The pressure on girls to be quiet and attractive is “as great now as it ever has been” as sexist bullying persists, ATL general secretary Mary Bousted says
The comments were made ahead of the union’s annual conference next week where the “prevalence of sexist bullying and harassment” of students in schools will be discussed.
Dr Mary Bousted, general secretary of the Association of Teachers and Lecturers (ATL), said: “I think sexist bullying is the thing that doesn’t get talked about in school.
“I think for girls there is a very fine line between if you’re swotty and clever and you answer too many questions [then] you’re not attractive.”
“If you were a girl, particularly an adolescent girl, there are so many names you can be called in school. There are very few for boys. It’s very hard for a girl to be brainy and feminine.”
She told journalists in a briefing before the conference that there was a “very big pressure” in all schools to “keep quiet and to listen to the boys talking”.
But Dr Bousted stressed that there was also a “hierarchy” in single sex schools. “You still get that sorting into the brainees, the swats, and the ones who like boys,” she added.
A motion, to be taken at the conference in Liverpool on Tuesday, calls for members to be given greater assistance on how to tackle the problem in schools.
Dr Bousted added: “Schools of course have to promote equality and respect between the sexes and promote the behaviours that they want to see in their school. But schools can’t tackle this on their own. This is an issue for society.”
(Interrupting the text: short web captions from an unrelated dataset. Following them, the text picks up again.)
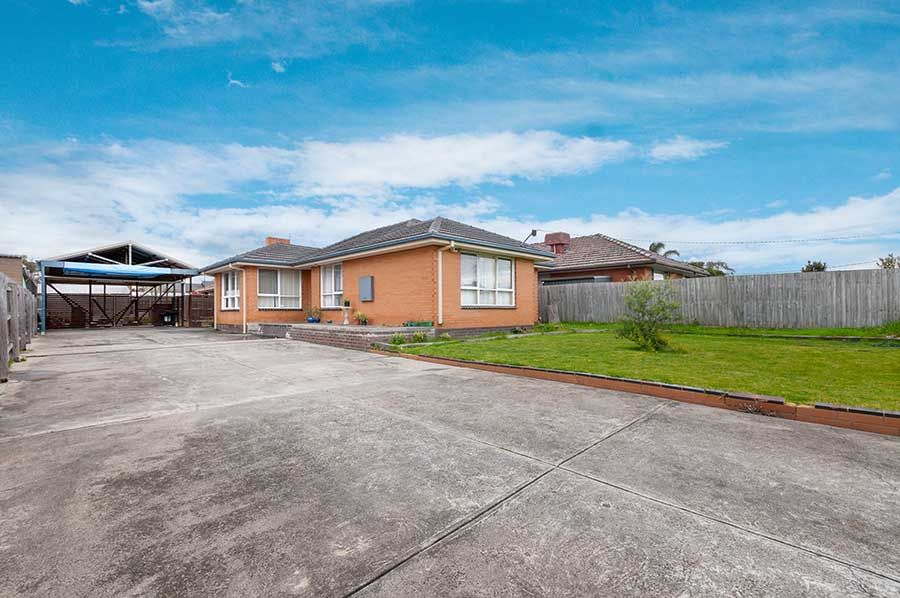 17 Selwyn Avenue, Craigieburn, VIC 3064
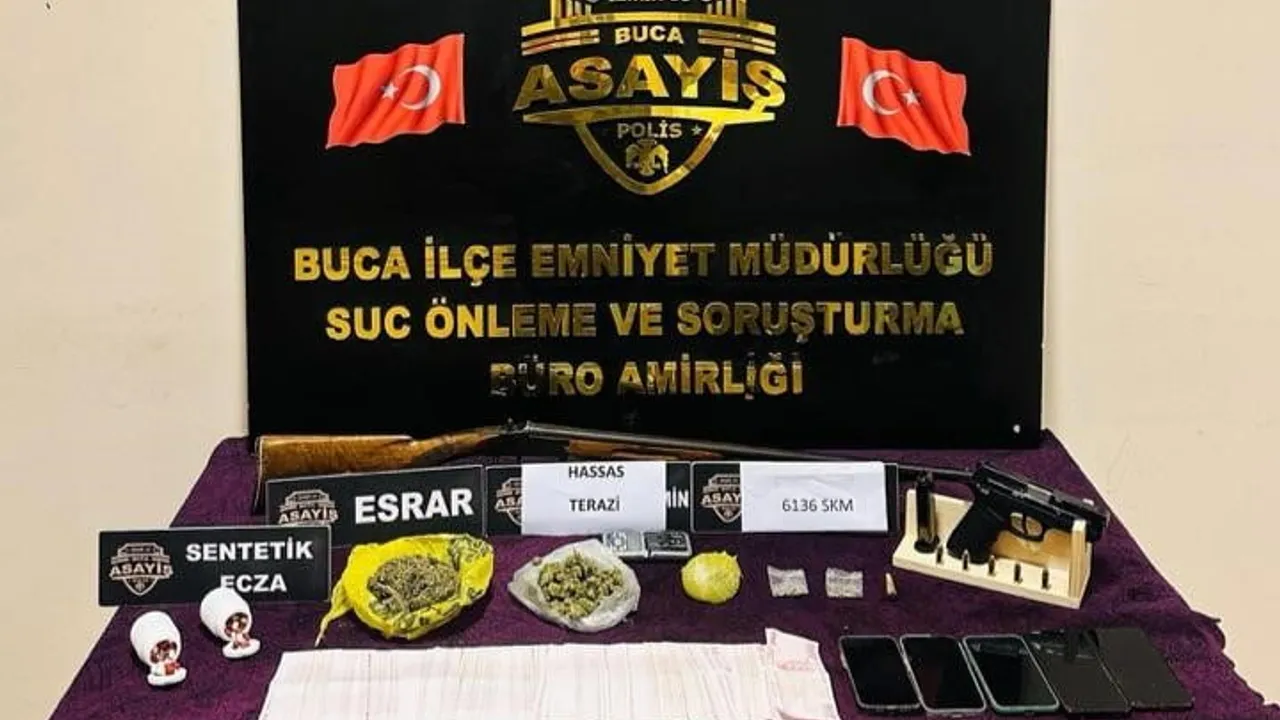 İzmir Buca'da uyuşturucu operasyonu: 5 şüpheli gözaltına alındı, 47 bin lira ve silah ele geçirildi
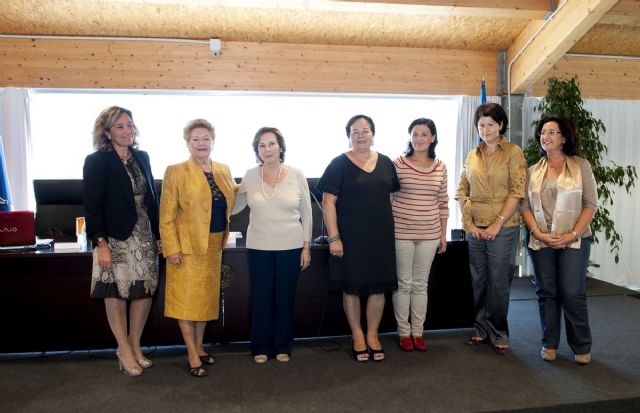 Un centenar de amas de casa aprende a defenderse de los malos tratos - 4, Foto 4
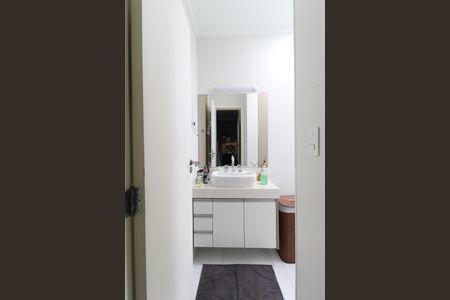 Casa de condomínio à venda com 124m², 3 quartos e 2 vagasBanheiro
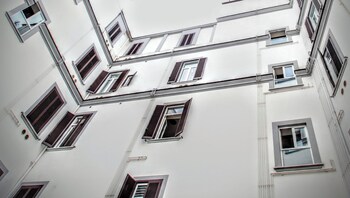 Duomo Luxory Home,,4 star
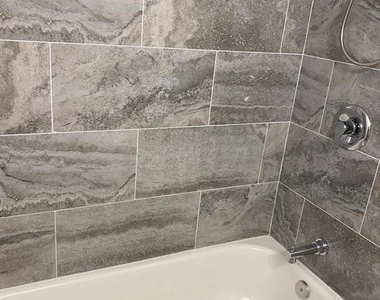 8049 Saint Annes Court - Photo Thumbnail 10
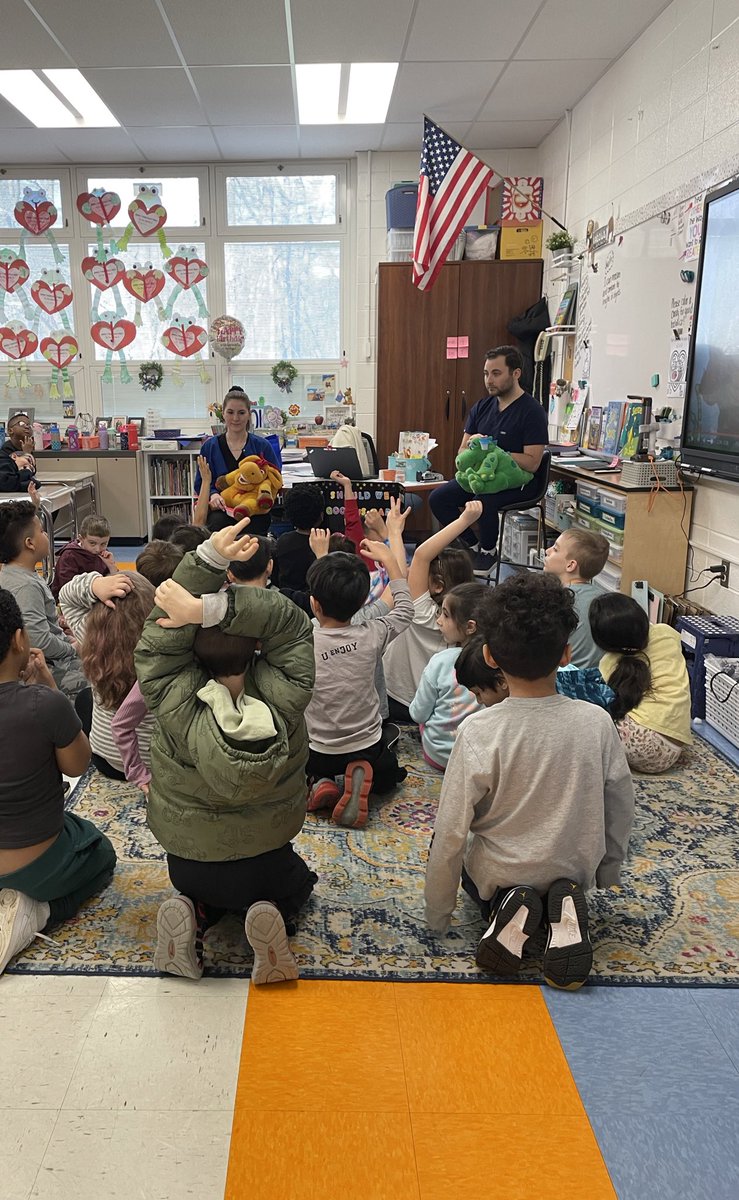 We enjoyed a visit from the dentist today🦷🪥 Taking care of our teeth is SO important! @j_pantiliano @CMSmtolive @NicoleMusarra @ashleylopez210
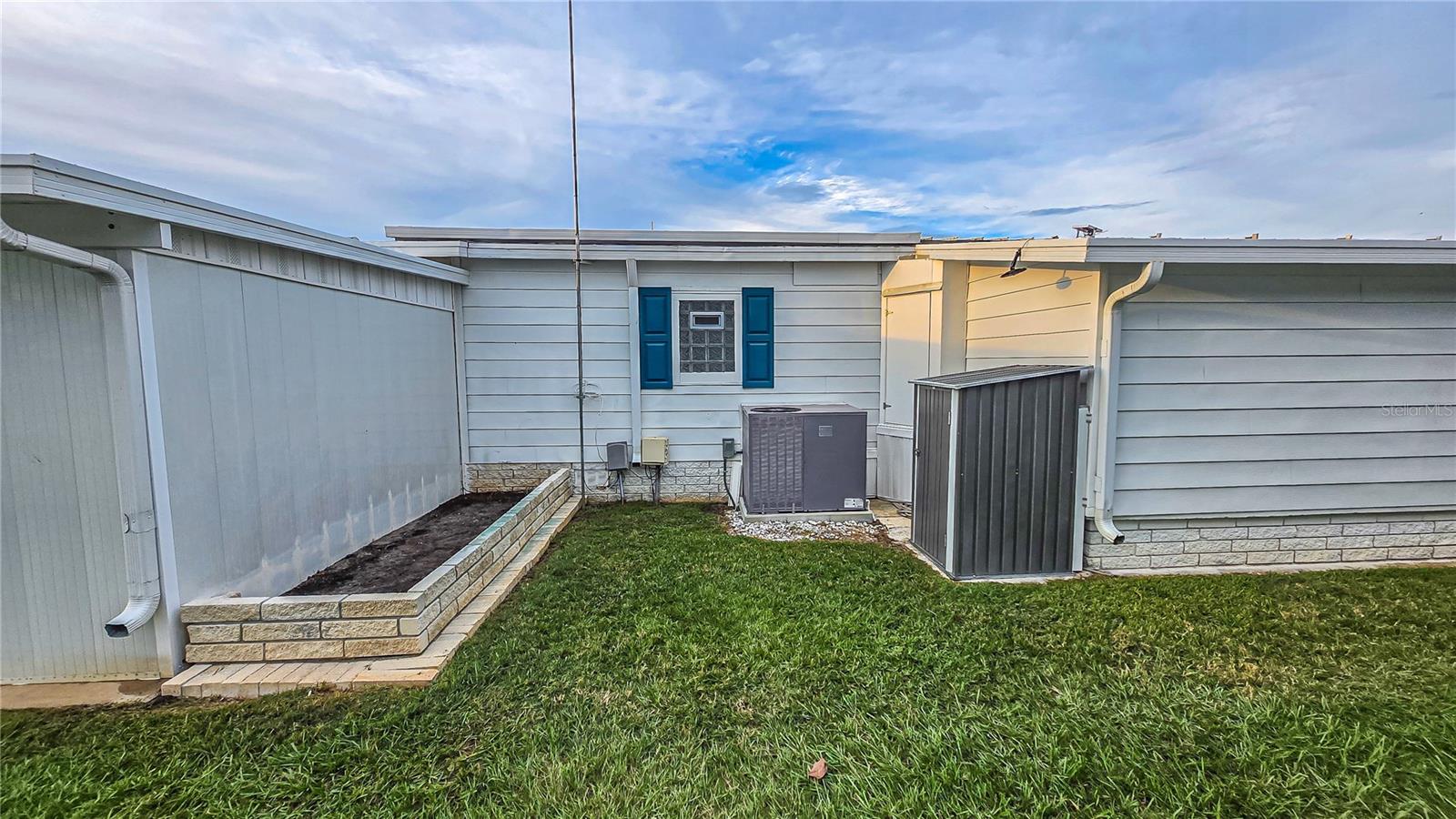 5421 MOHAWK ST — photo 44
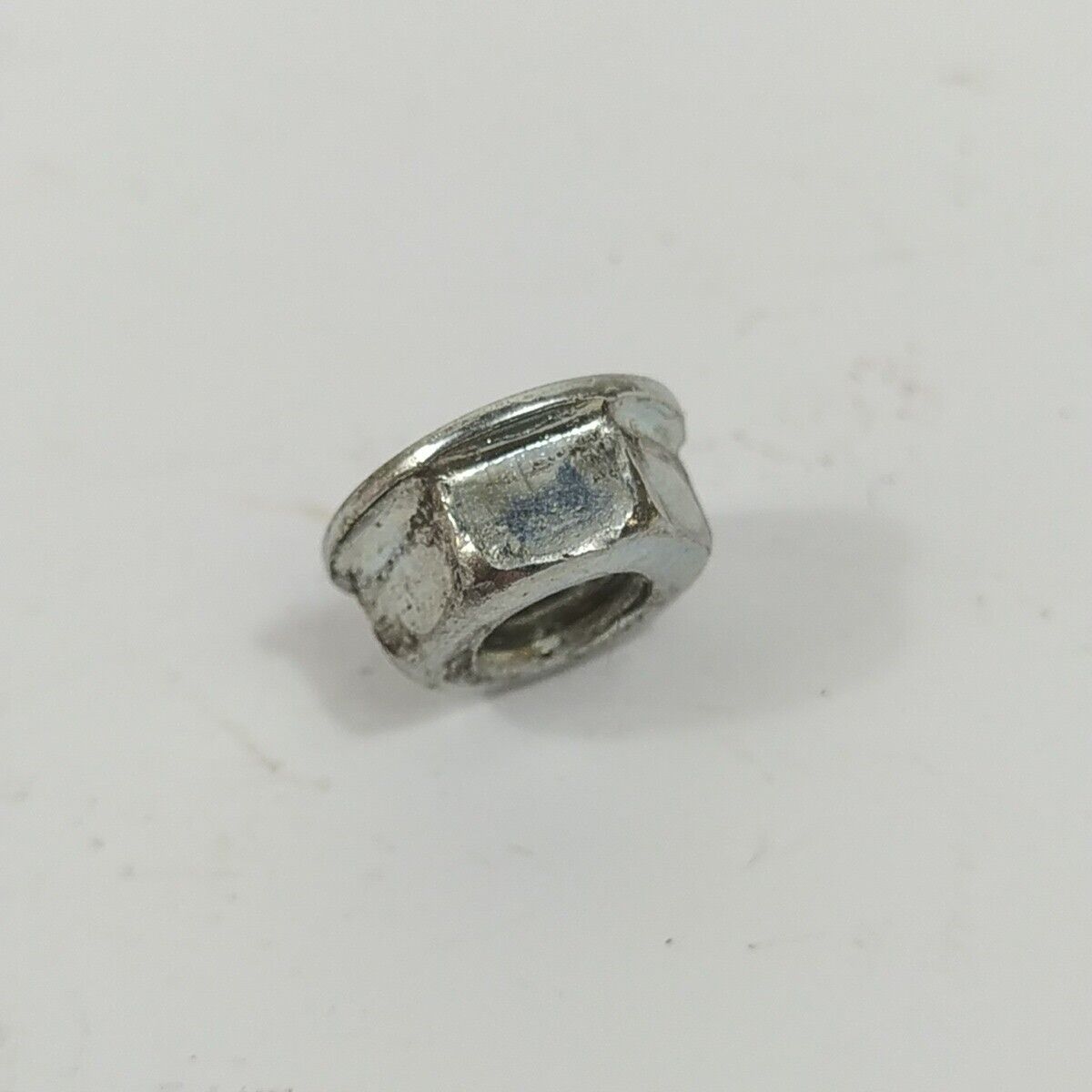 Ricambio DADO VOLANO ALBERO MOTORE per decespugliatore McCulloch 3800 usato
But the union leader stressed that all pupils should be taught how to speak up in school and she believes debating societies – with equal gender representation – could help.
She said: “My worry is that we have a curriculum with timed written exams – which actually has taken speaking and listening out of English GCSE and that’s a core skill […] The thing that people judge you on straight away is being downgraded in schools.”